CARICATOS RUFIÕES

Textos Críticos - Artes Plásticas 

 

Em Passo Fundo, no interior gaúcho, a Rua XV de Novembro é vitrine do sexo: jogo e boêmia. Rua de rufiões, jogo de gigolôs, mar de marafonas, mulheres-dama. A Rua XV é a da “zona”: “se meu passado foi lama/hoje quem me difama/viveu na lama também”. Puro Lupicínio. Mesmo que não seja.

Na década de 40 em Passo Fundo a menina Ruth Schneider ouvia fascinada as histórias da Rua XV contadas pela vó Ida, que viveu 100 anos, possivelmente motivada pela fertilidade de seu próprio fabulário. Histórias que se tornaram reais mais tarde, vivenciadas por Nina, sua mãe, e Canhotinho, seu pai, que se emperiquitavam para ir ao Cassino. Aos 10 anos, Ruth foi operada da perna e ficou por uns tempos de cama, ouvindo histórias e recordando & colando imagens: revistas, jornais, almanaques, quadrinhos, “modelitos” variados. As histórias do Cassino ficaram para sempre como tema recorrente de Ruth Schneider. Os recortes & colagens, até hoje, como técnica por excelência de sua expressão: da tesoura à serra “tico-tico”.

Bas-fond imaginário recriado pela menina Ruth, o “Cassino da Maroca” permanece ainda agora gravado nos trabalhos que compõem esta exposição. Mais que tema recorrente, rio-corrente por onde fluem personagens tragicômicos, caricatos, como Chico-Pé-de-Porco, Zica Navalha, Canhotinho, Maria Bigode, Garoto de Ouro, o Gigolô Argentino e, naturalmente, a cafetina Maroca. Ao ouvir a avó, a menina Ruth recriava suas histórias na imaginação, na rica fantasia de criança. Ela “fazia na cabeça” suas próprias histórias. Agora, a artista está “pondo pra fora” essas histórias, transpondo para o papel a vida projetada para os personagens da Rua XV de Novembro, as figuras caricatas do “Cassino da Maroca”.

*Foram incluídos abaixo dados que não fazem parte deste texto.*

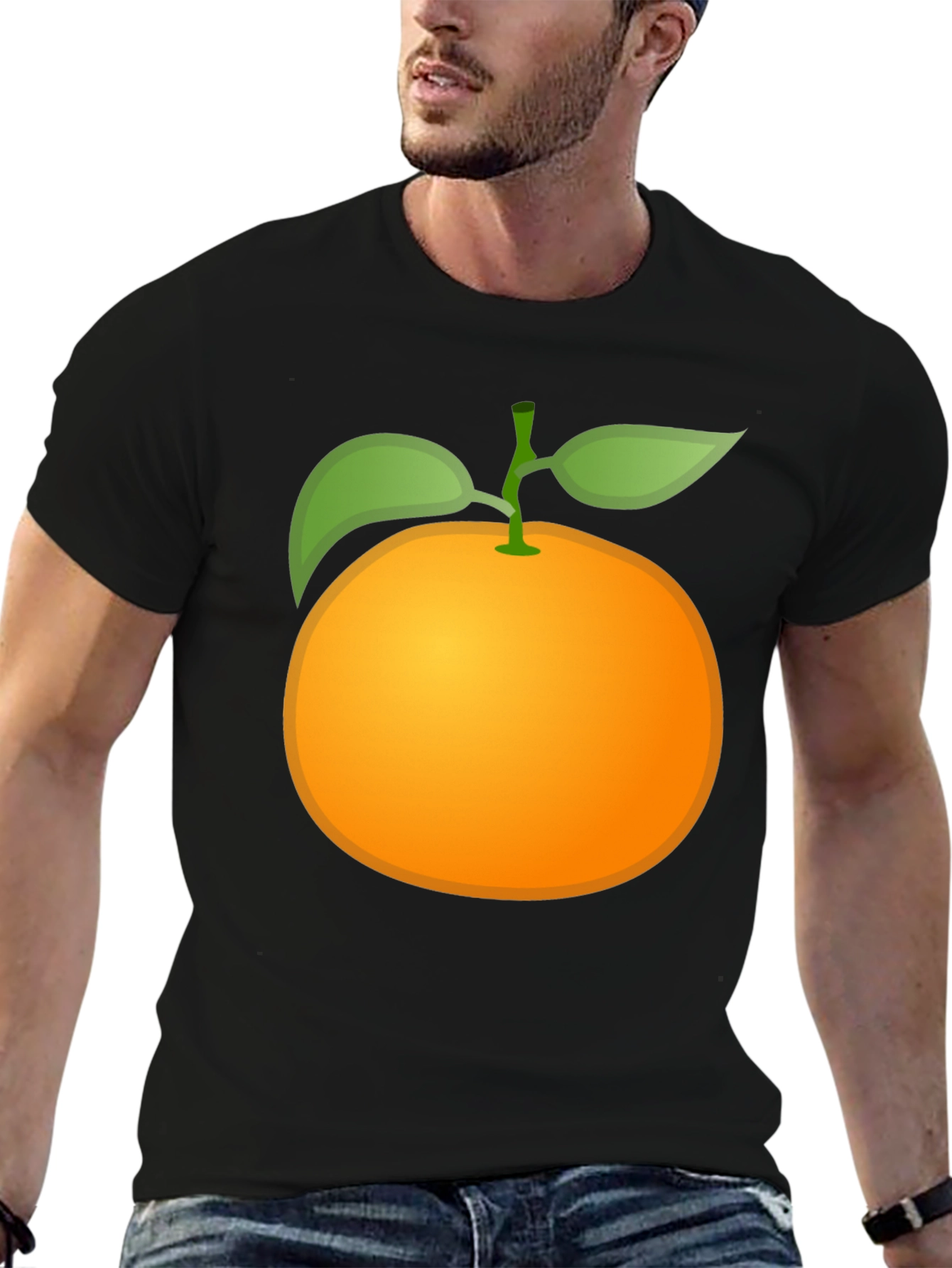 Orange Graphic Tee - Quirky Fruit T-Shirt
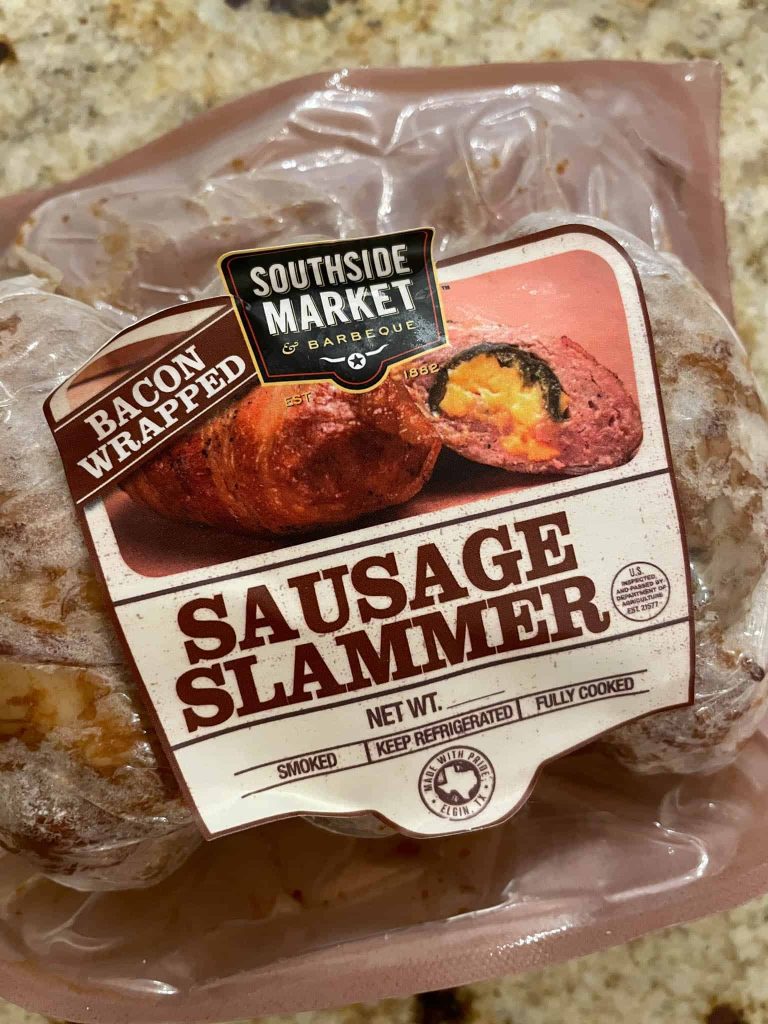 front of sausage slammer package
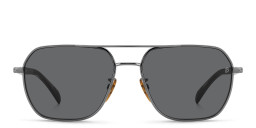 DAVID BECKHAM Aviator Sunglasses in Dark Ruthenium Black/Grey – Product Photo 2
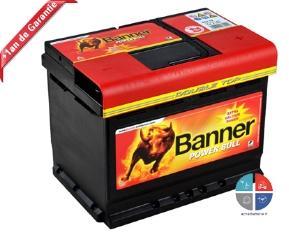 Batterie Auto 12v 62ah 540A Banner Power Bull P6219DT Batterie Auto 12v 62ah 540A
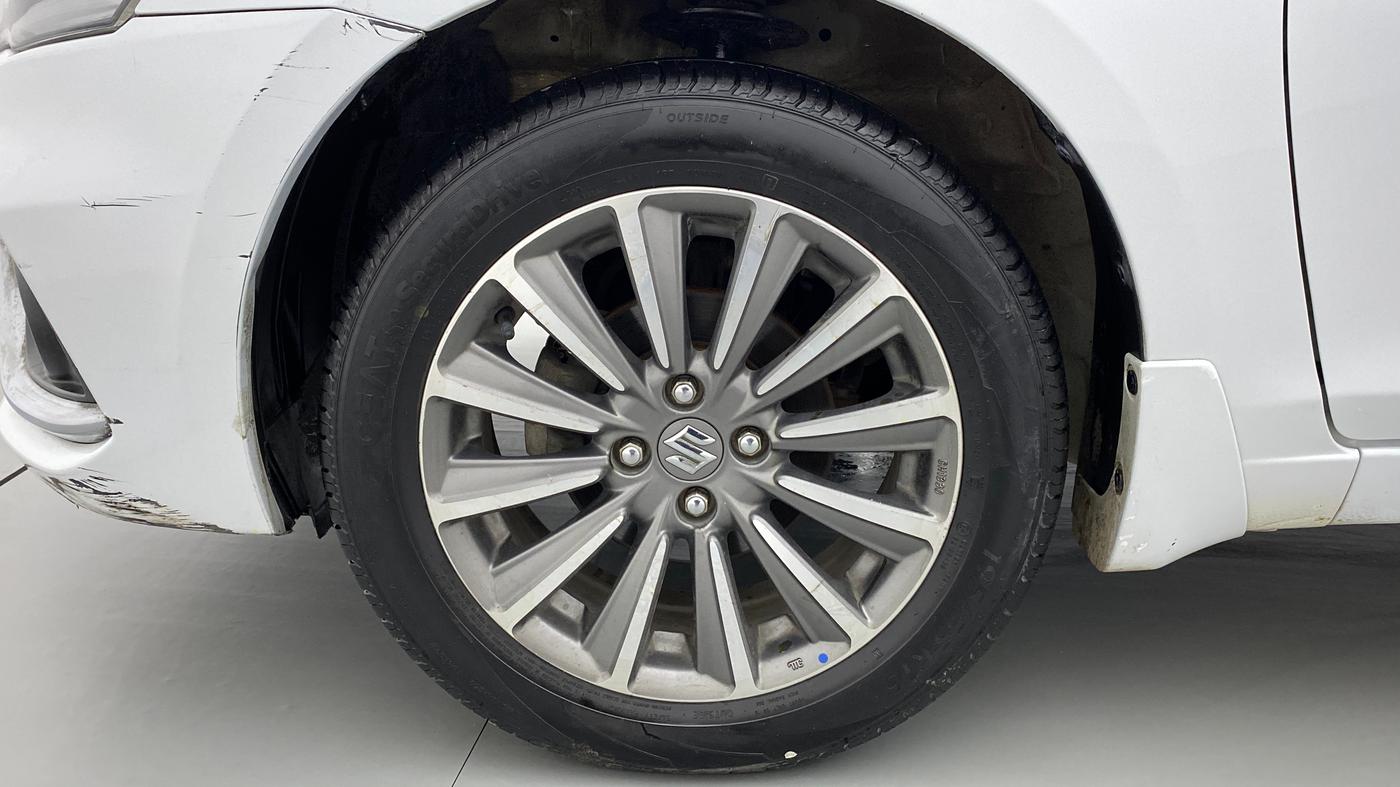 2018 Maruti Ciaz ALPHA 1.5 SHVS PETROL, Petrol, Manual, 45,165 km, Left Front Wheel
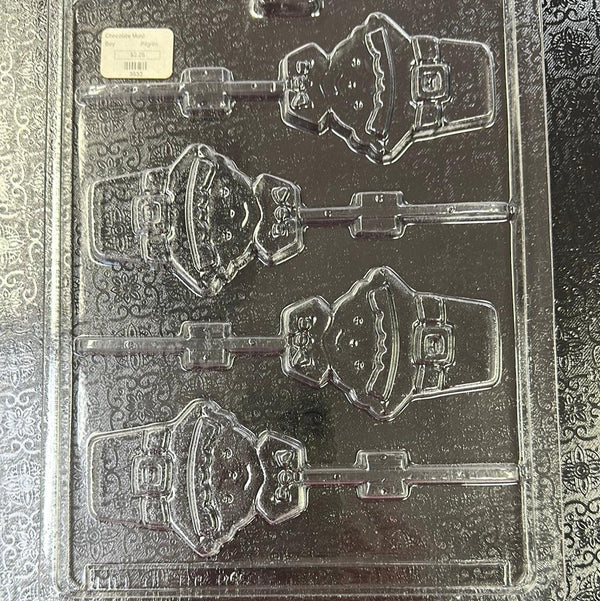 Chocolate Lollipop Mold Boy Pilgrim - Sweet Life Cake Supply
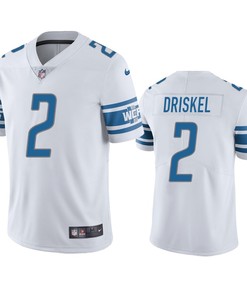 Jeff Driskel Detroit Lions White Vapor Limited Jersey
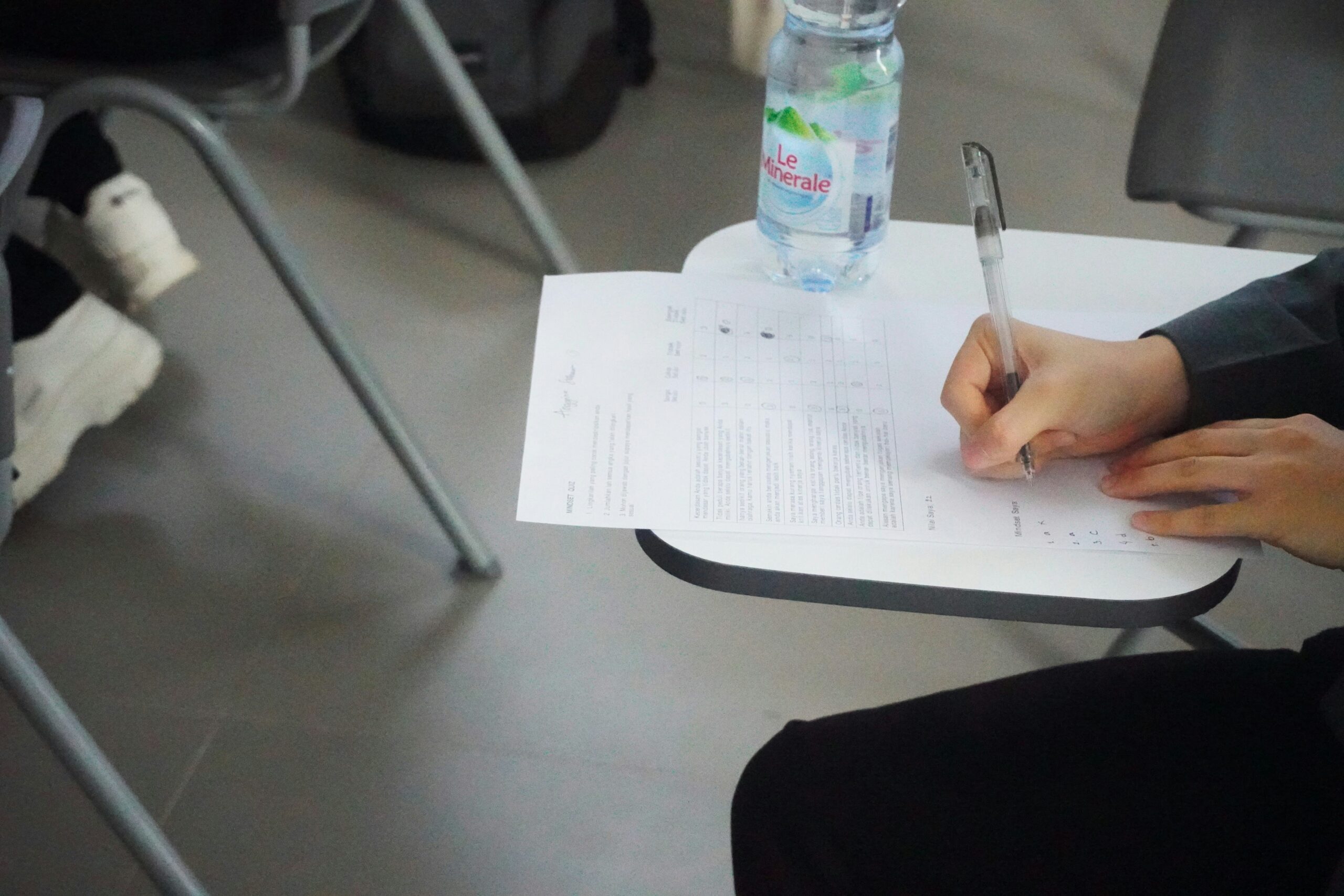 man heeft faalangst voor examen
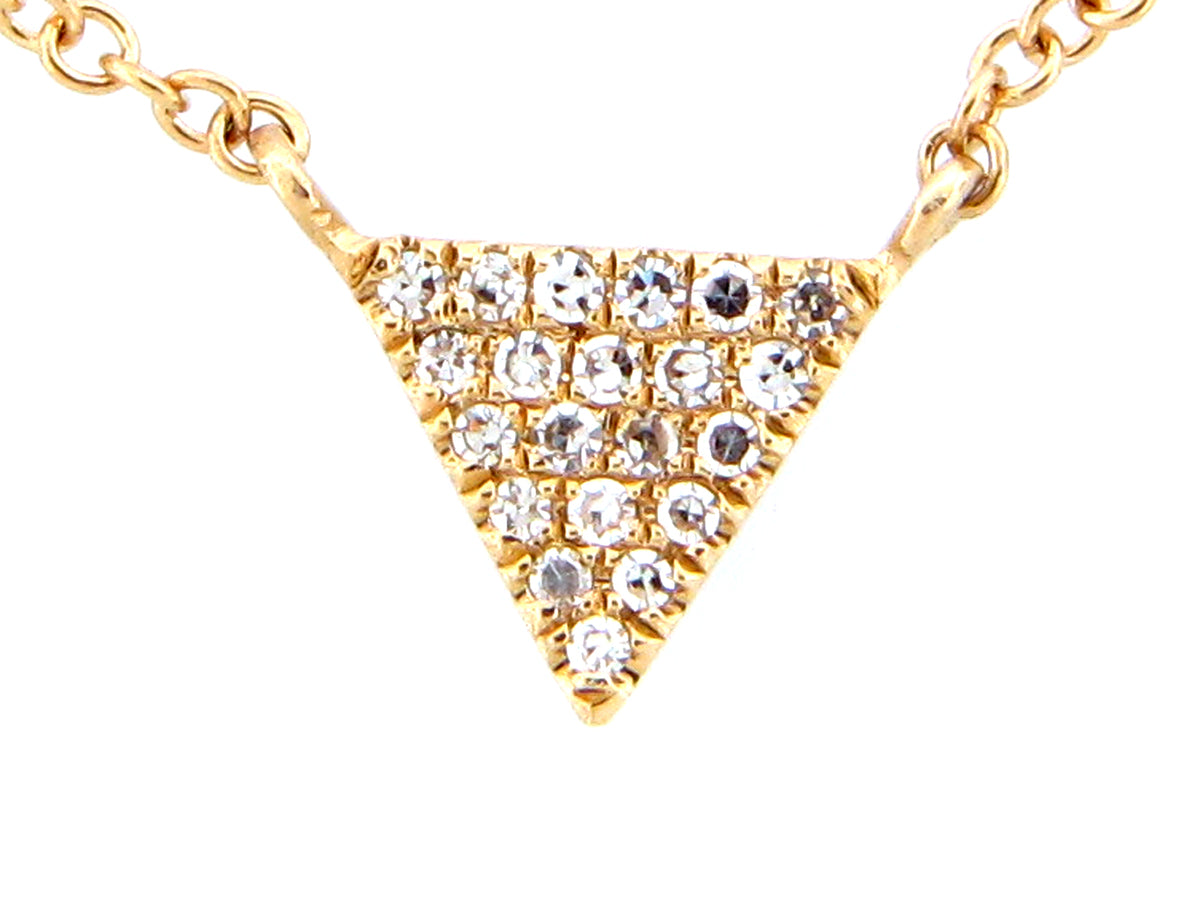 DIAMOND TRIANGLE PENDANT NECKLACE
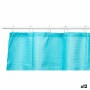 Rideau de Douche Points Bleu Polyester 180 x 180 cm (12 Unités)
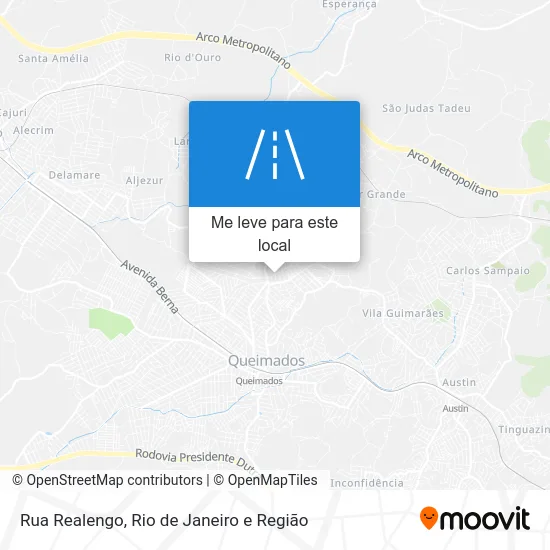 Rua Realengo mapa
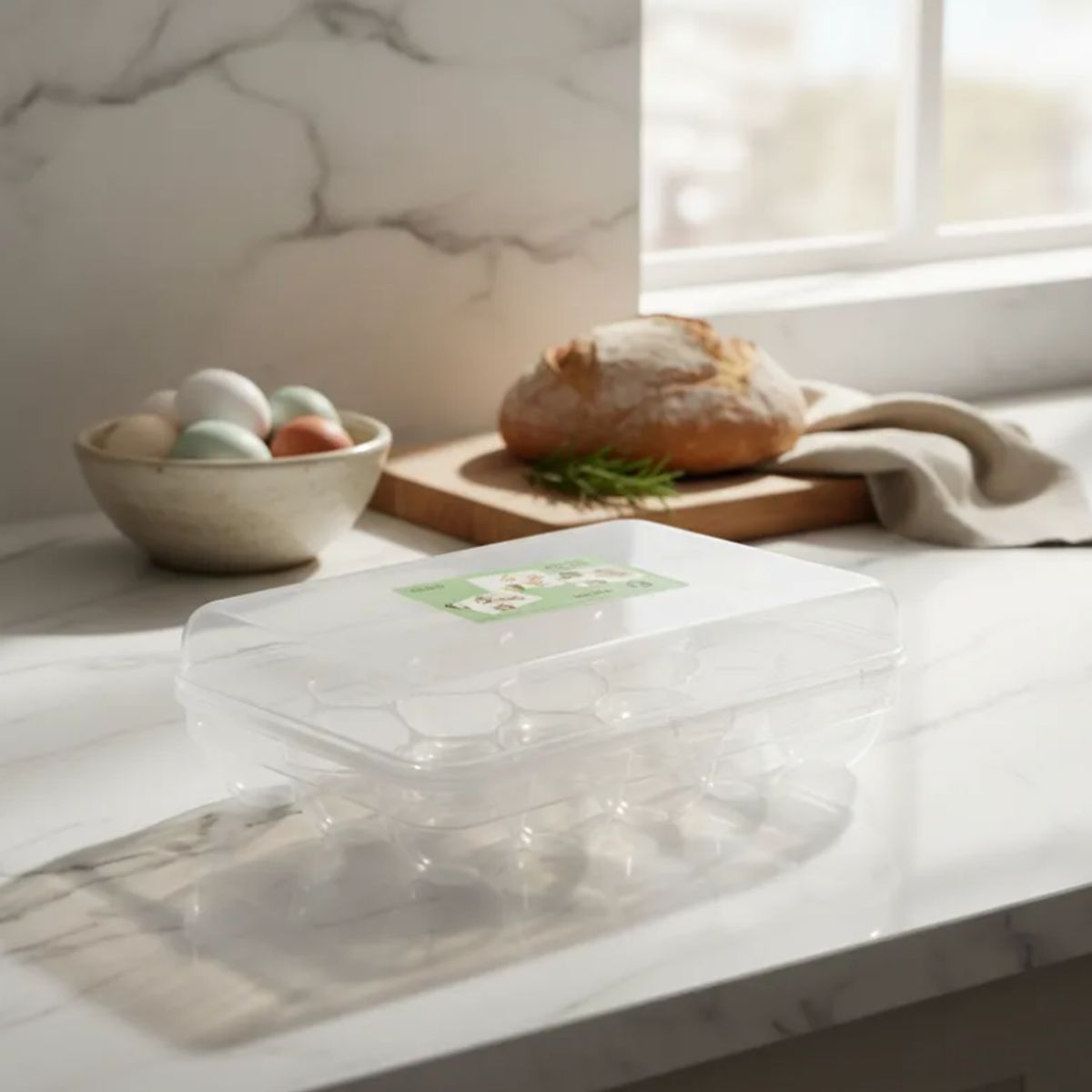 GENERICO - Set 3 Hueveras Transparente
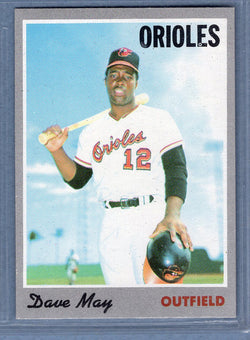 1970 Topps #81 Dave May  NM  SB1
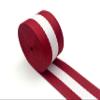 3dancraftit Polyester-Cotton Blend Stripe Webbing Ribbon Jacquard Webbing Sold by The Yard Strap Replacement 1.5 inches ZE85-1Y view 3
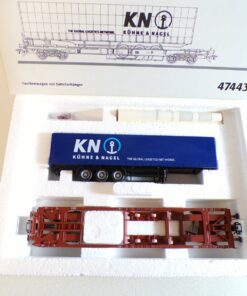 Märklin H0 47443 Taschenwagen mit Sattelanhänger der DB in OVP BH1193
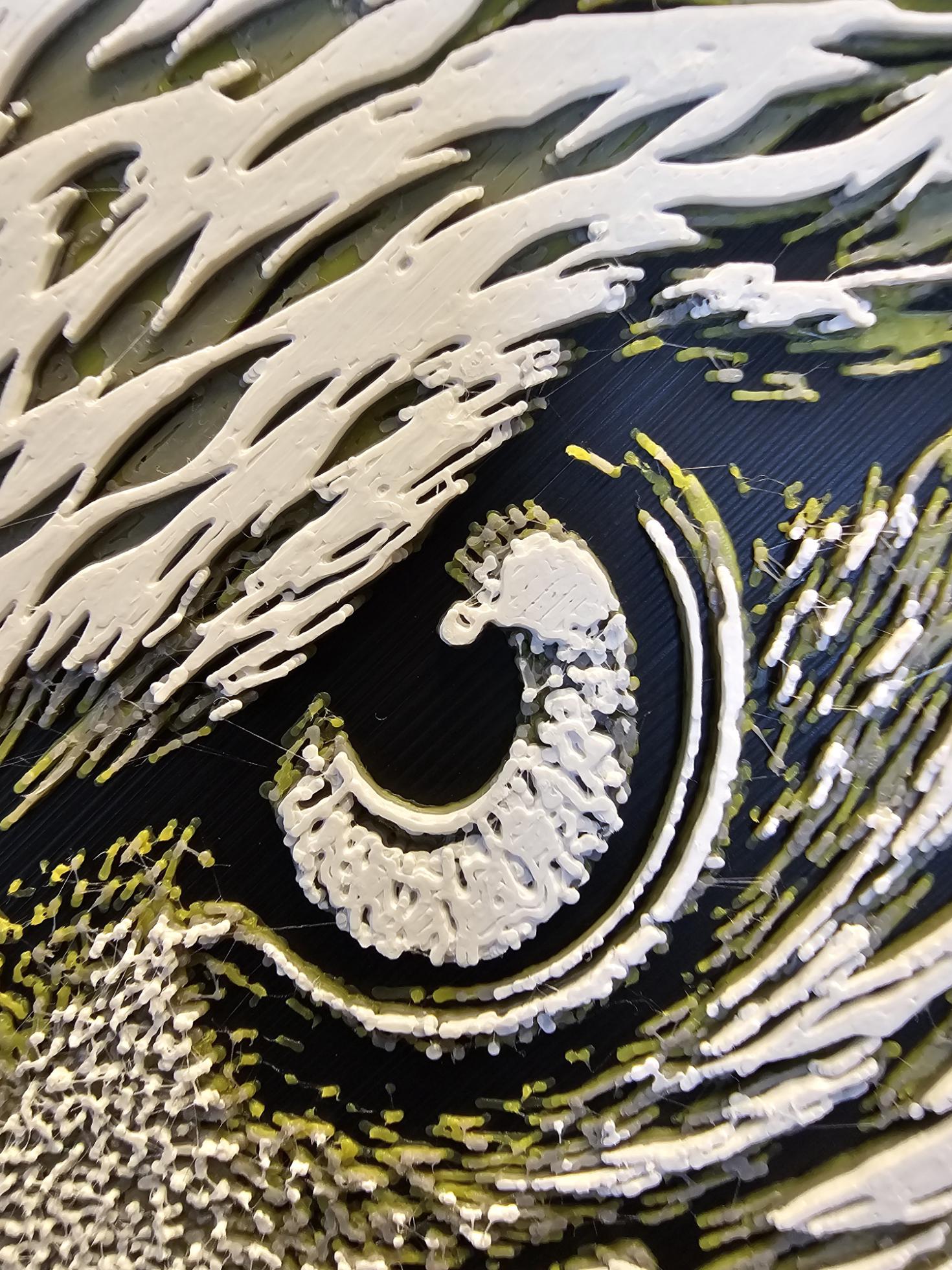 3D Printed Bald Eagle Wall Art | 7x9.5 Raised Eagle Portrait | Wildlife Decor for Cabin, Lodge, Office & Home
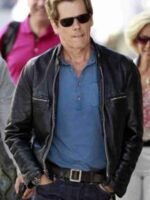 R.I.P.D. Kevin Bacon Black Leather Jacket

São trabalhos que passam muita luz, muita cor, manchando seus quadros de violeta-cassino, vermelho-marafona. Uma espécie de expressionismo figurativo, com um certo toque naif que dá inegável charme aos personagens de seu bordel, perdão, cordel. Isso porque, fora luz & cor, seus quadros passam muito “som”, como se suas figuras falassem, falassem, falassem. Quase que em redondilhas, como os personagens de cordel, quase como se primitivamente desenhadas, essas toscas figuras tão ingênuas e patéticas, como as dos bordéis do interior.

Tema obsessivo, o cassino-bordel produz sempre novos personagens, quase um teatrinho de marionetes, onde os bonecos brigam, amam, se apaixonam entre laivos de ódio, ternura, intriga. Ultimamente, Ruth tem introduzido “espiões” nos cantinhos de seus quadros, que ficam como se bisbilhotassem a “vida” dos freqüentadores da Maroca. São ingênuos flagrantes do cotidiano do interior, com suas comadres & mexericos.

Ruth Schneider gosta de cores fortes e seus trabalhos apresentam uma característica bastante peculiar. Como diz o poeta gaúcho Zé Augustho Marques, um estilo muito próprio: “um efeito na pintura ajudado pelos deuses: o trabalho sai em questão de segundos, como se estivesse sendo psicografado, automático, como se Ruth estivesse garimpando as cores. É o que chamo de efeito Ruth”.